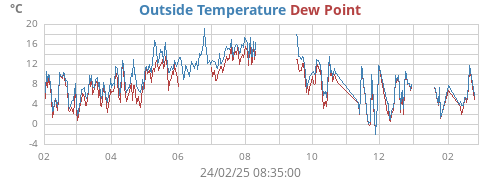 temperatures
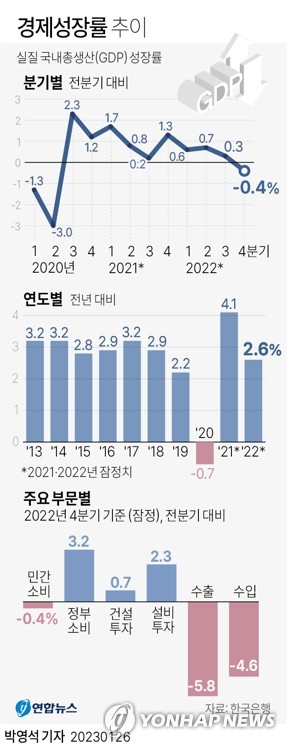 2년 반 만에 역성장한 한국경제…올해 1%대 성장도 '위태'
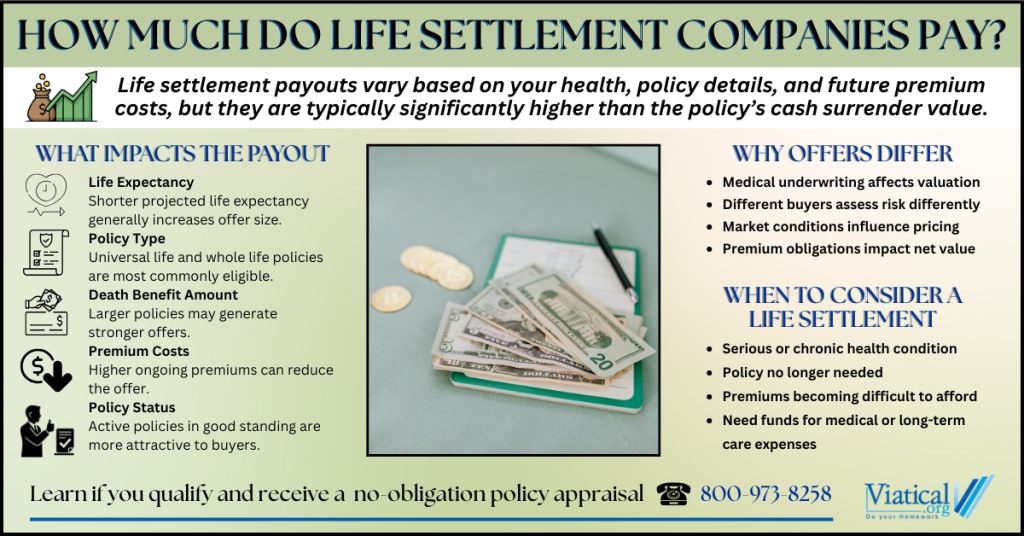 Infographic answering How Much Do Life Settlement Companies Pay? by outlining how life expectancy, policy type, premium costs, and underwriting influence offer size compared to a policy’s cash surrender value.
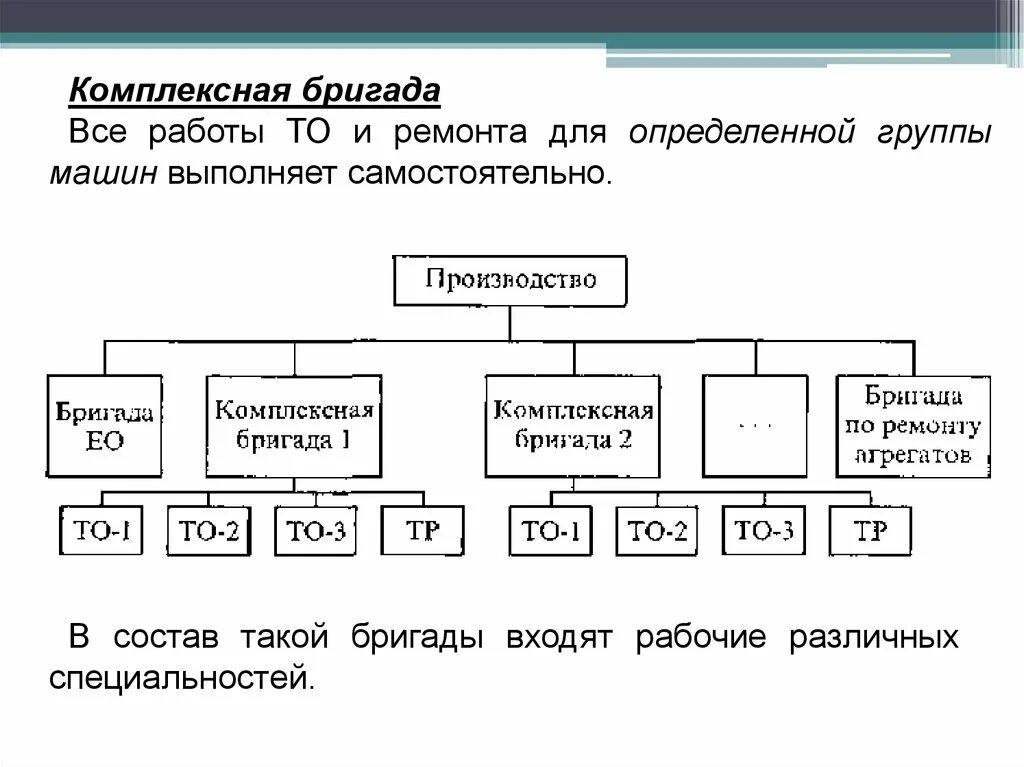 Схема организации производства методом комплексных бригад. Состав комплексной бригады. Состав ремонтной бригады. Структурная схема комплексных бригад.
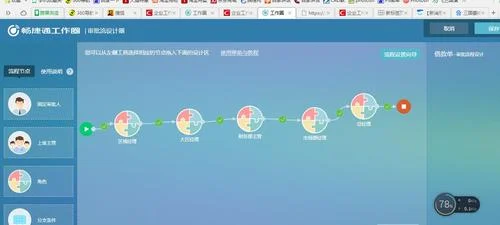 畅捷通工作圈功能介绍-畅捷通工作圈功能介绍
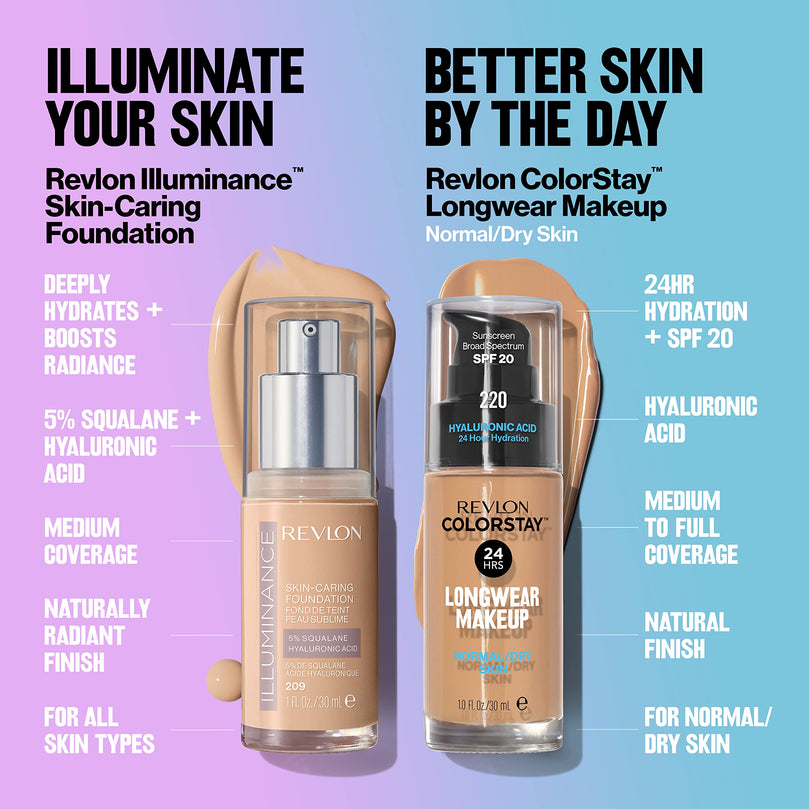 Revlon ColorStay Liquid Foundation Makeup, Normal/Dry Skin, SPF 20, Porcelain, 1 fl oz.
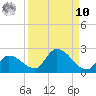 Duck Key Point tide chart for Saturday, September 10, 2022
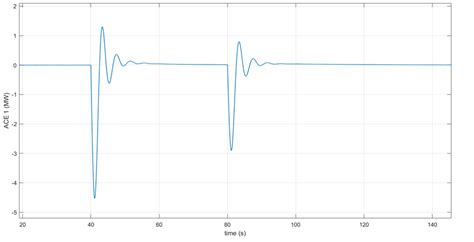 Image result for Area Control Error Calculation
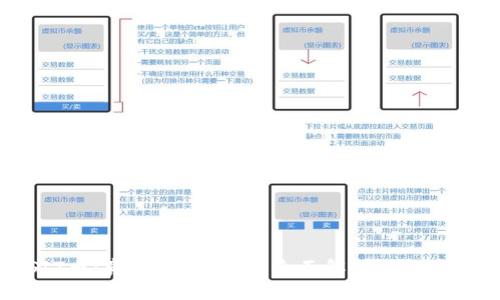 区块链SIT币：真实还是虚假？全面解析与投资风险评估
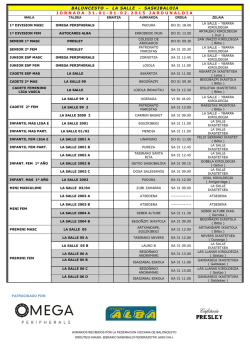 saskibaloiko ikuskizun-saila urtarrilak 31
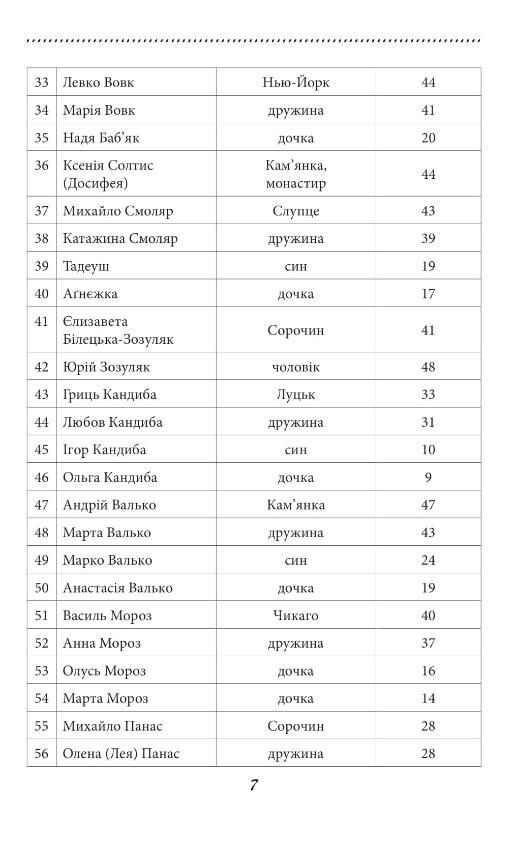 Галицька сага книга 3 Ціна (цена) 872.90грн. | придбати  купити (купить) Галицька сага книга 3 доставка по Украине, купить книгу, детские игрушки, компакт диски 5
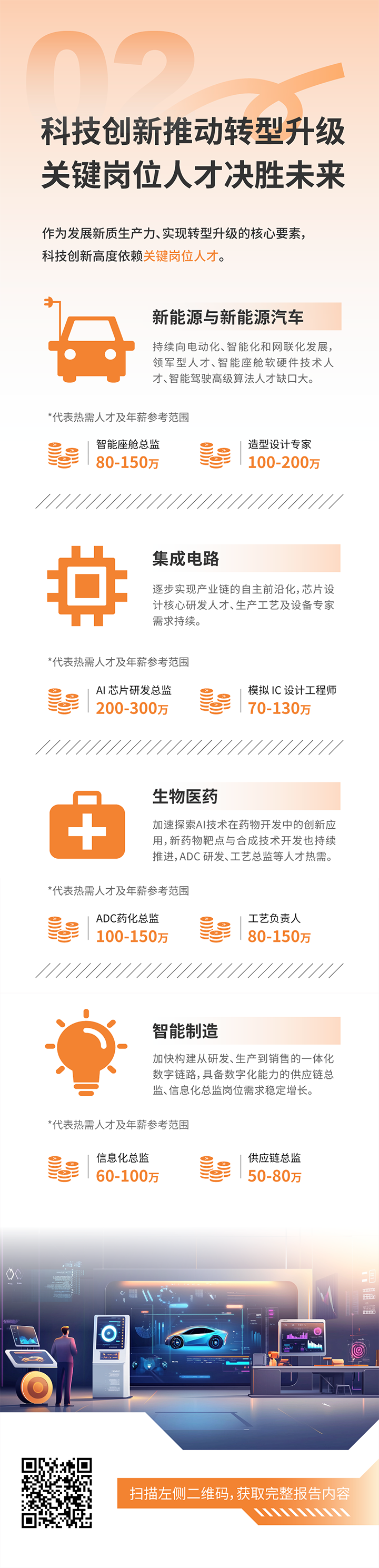 人力资源公司kdpay钱包国际发布2025年人才市场洞察，趋势二为科技创新有助于转型升级 关键岗位人才决胜未来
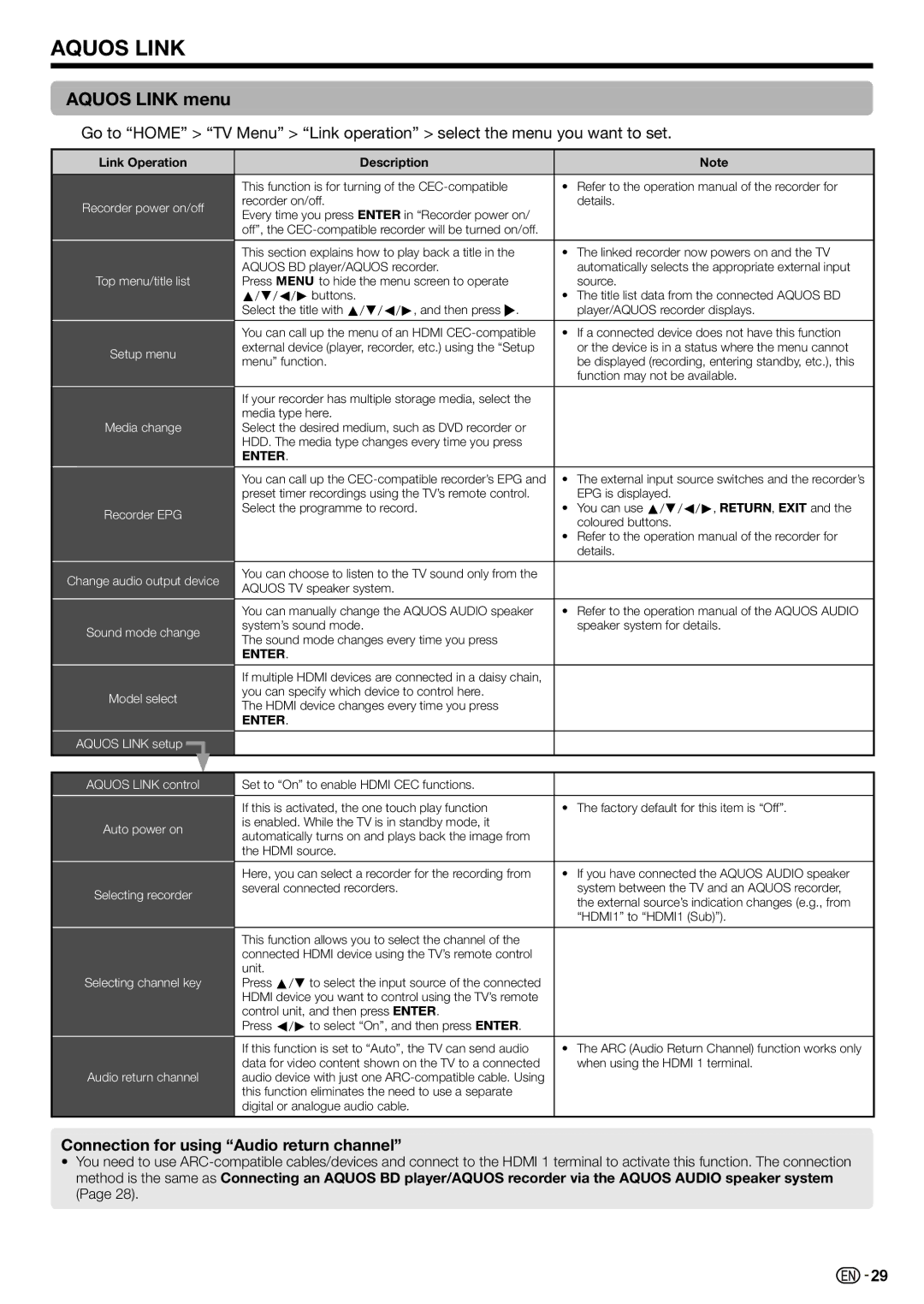 Sharp LC-70LE735X operation manual Aquos Link menu, Connection for using Audio return channel 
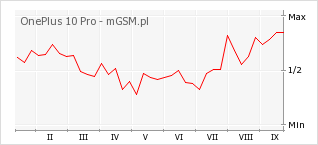 Wykres zmian popularności telefonu OnePlus 10 Pro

══════

* **TASK**:
Print every record above exactly as written, leaving out the pictures.

* **RESULT FOR THIS TASK**:
 temperatures
 2년 반 만에 역성장한 한국경제…올해 1%대 성장도 '위태'
 Infographic answering How Much Do Life Settlement Companies Pay? by outlining how life expectancy, policy type, premium costs, and underwriting influence offer size compared to a policy’s cash surrender value.
 Схема организации производства методом комплексных бригад. Состав комплексной бригады. Состав ремонтной бригады. Структурная схема комплексных бригад.
 畅捷通工作圈功能介绍-畅捷通工作圈功能介绍
 Revlon ColorStay Liquid Foundation Makeup, Normal/Dry Skin, SPF 20, Porcelain, 1 fl oz.
 Duck Key Point tide chart for Saturday, September 10, 2022
 Image result for Area Control Error Calculation
 区块链SIT币：真实还是虚假？全面解析与投资风险评估
 saskibaloiko ikuskizun-saila urtarrilak 31
 Галицька сага книга 3 Ціна (цена) 872.90грн. | придбати  купити (купить) Галицька сага книга 3 доставка по Украине, купить книгу, детские игрушки, компакт диски 5
 人力资源公司kdpay钱包国际发布2025年人才市场洞察，趋势二为科技创新有助于转型升级 关键岗位人才决胜未来
 Sharp LC-70LE735X operation manual Aquos Link menu, Connection for using Audio return channel 
 Wykres zmian popularności telefonu OnePlus 10 Pro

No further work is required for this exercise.